PG_USER = os.getenv("POSTGRES_USER")
PG_PASS = quote_plus(os.getenv("POSTGRES_PASS"))
PG_HOST = os.getenv("POSTGRES_HOST")
PG_PORT = os.getenv("POSTGRES_PORT", "5432")
PG_DB   = os.getenv("POSTGRES_DB")
PG_SCHEMA = os.getenv("POSTGRES_SCHEMA", "public")

missing = [k for k,v in {
    "POSTGRES_USER": PG_USER,
    "POSTGRES_PASS": os.getenv("POSTGRES_PASS"),
    "POSTGRES_HOST": PG_HOST,
    "POSTGRES_DB": PG_DB,
    "POSTGRES_SCHEMA": PG_SCHEMA
}.items() if not v]
if missing:
    raise ValueError(f"Missing env vars: {missing}")
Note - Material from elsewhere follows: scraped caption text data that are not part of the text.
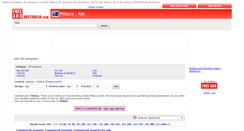 Desktop Screenshot of mildura.freeadsaustralia.com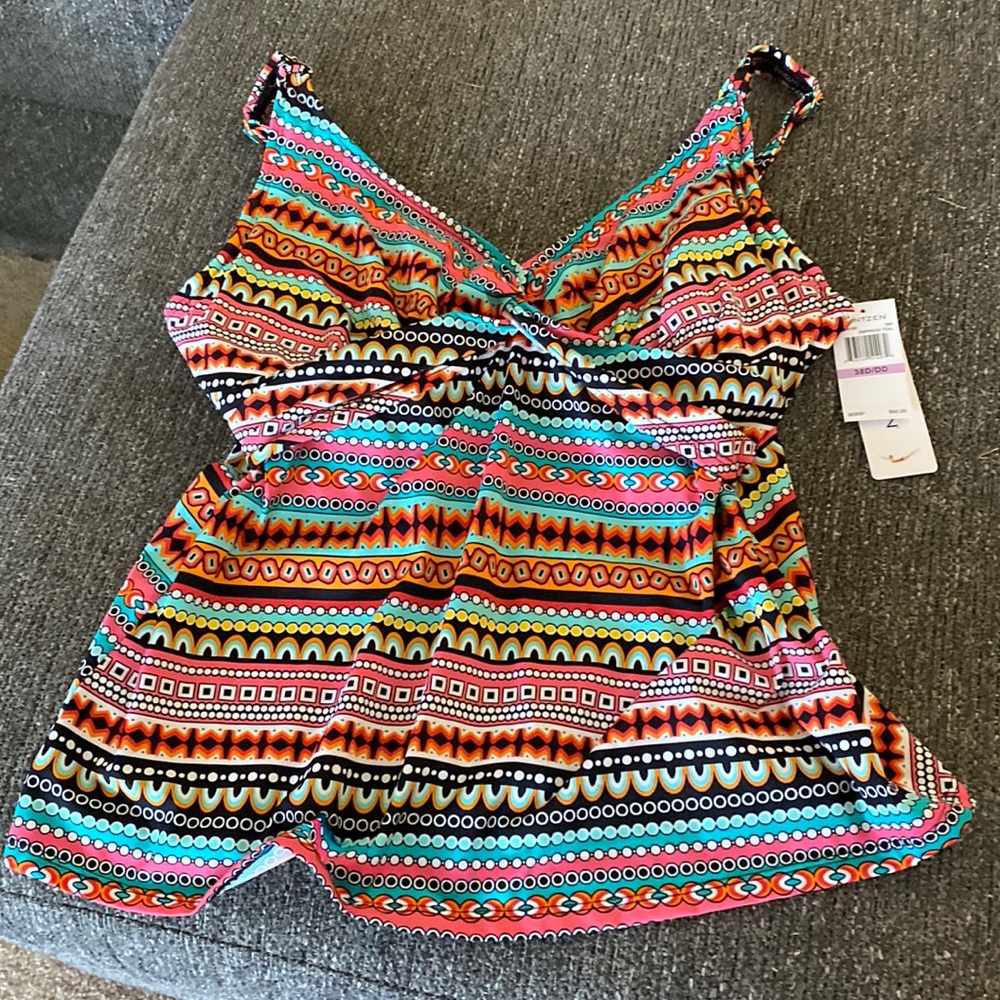 Jantzen tankini top Brand new with tags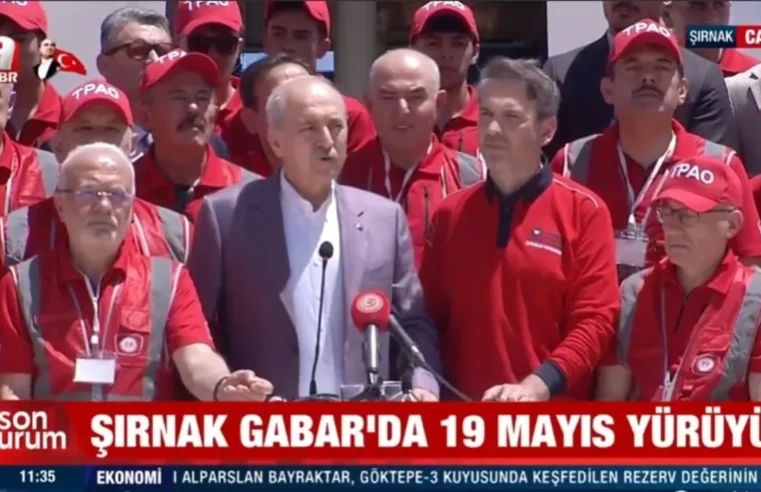 Gabar’da 19 Mayıs programı | Meclis Başkanı Kurtulmuş: Bu kuyu tam bağımsızlığımızın simgesi!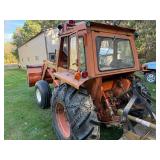 INTERNTIONAL 250 SERIES A TRACTOR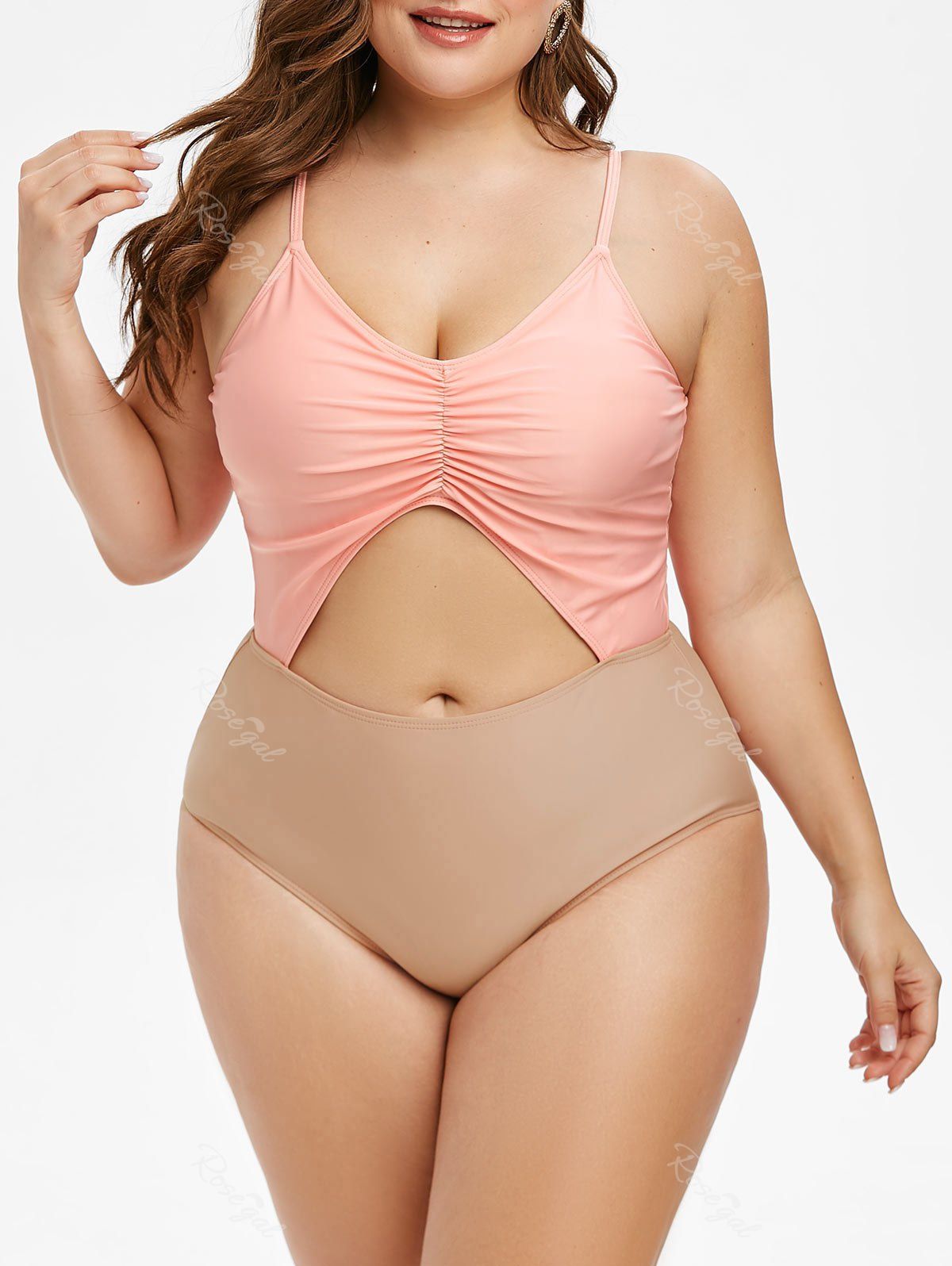 one piece bathing suit with stomach cut out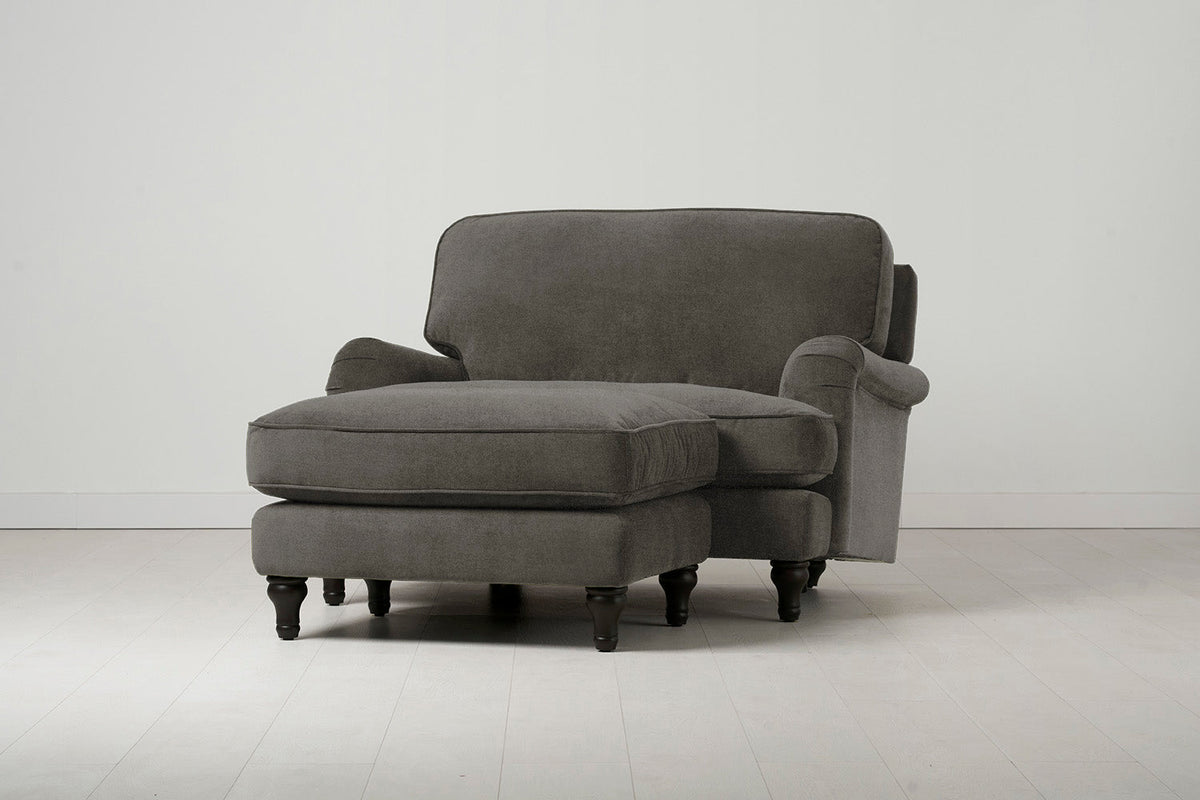 Model 15 Chaise Longue, Mink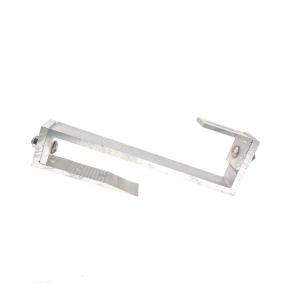 China Aluminum MID End Clamp For Ground Or Flat Rooftop Solar Support Bracket on sale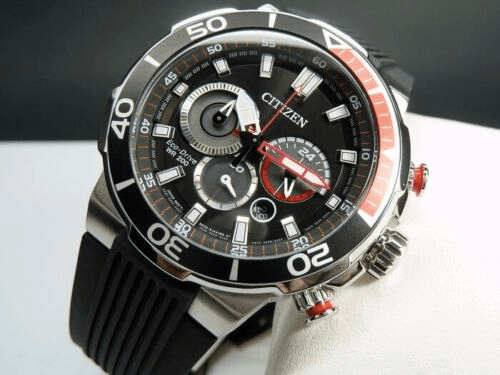 ĐỒNG HỒ NAM CITIZEN ECO-DRIVE CHRONOGRAPH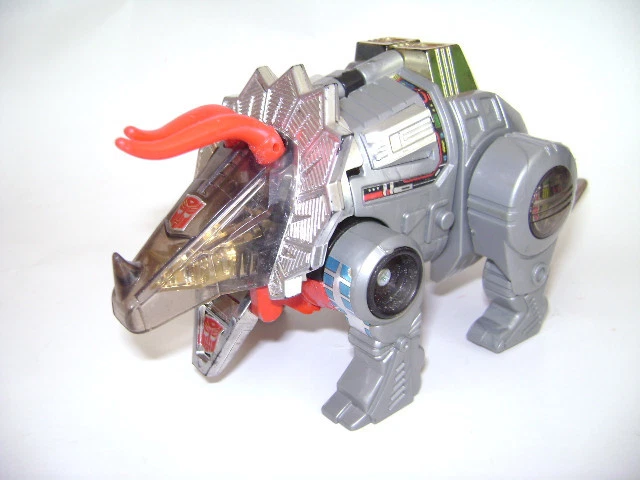TAKARA TRANSFORMERS HASBRO génération 1 dinobot scorie variante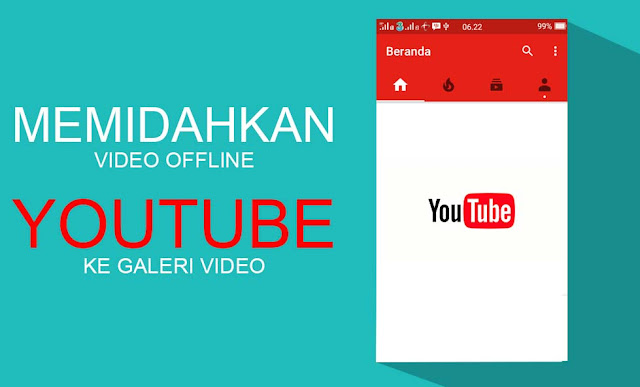 Cara Mengambil File Video Offline Youtube Masuk Ke Galeri Video Memindahkan File Video Offline Youtube Yang telah Tersimpan
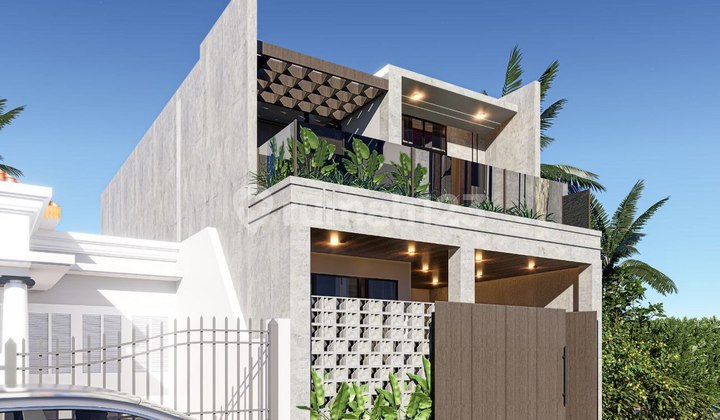 Rumah Mewah Kekinian Dijual, di Mahendradatta, Denpasar Barat Area 2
url = f"postgresql+psycopg2://{PG_USER}:{PG_PASS}@{PG_HOST}:{PG_PORT}/{PG_DB}"
engine = create_engine(url, future=True)

# kurzer Ping
with engine.connect() as conn:
    print(conn.execute(text("SELECT current_user, current_database(), current_schema();")).fetchone())

print("Setup OK. Schema:", PG_SCHEMA)


('patrickpaubandt', 'nf_da_onl_13102025', 'public')
Setup OK. Schema: s_patrickpaubandt


In [None]:
## Download + 100k Rows

import io, requests
import pyarrow.parquet as pq        ## to read parquet data
import pyarrow as pa
import pandas as pd

PARQUET_URL = "https://d37ci6vzurychx.cloudfront.net/trip-data/yellow_tripdata_2025-09.parquet"     ##Download-link
SOURCE_FILE = "yellow_tripdata_2025-09.parquet"         ##name of the downloaded file

resp = requests.get(PARQUET_URL, timeout=180)       ##downloads data, download-time max 180 seconds
resp.raise_for_status()                             ## When Download not successfull (404/500)

table = pq.read_table(io.BytesIO(resp.content))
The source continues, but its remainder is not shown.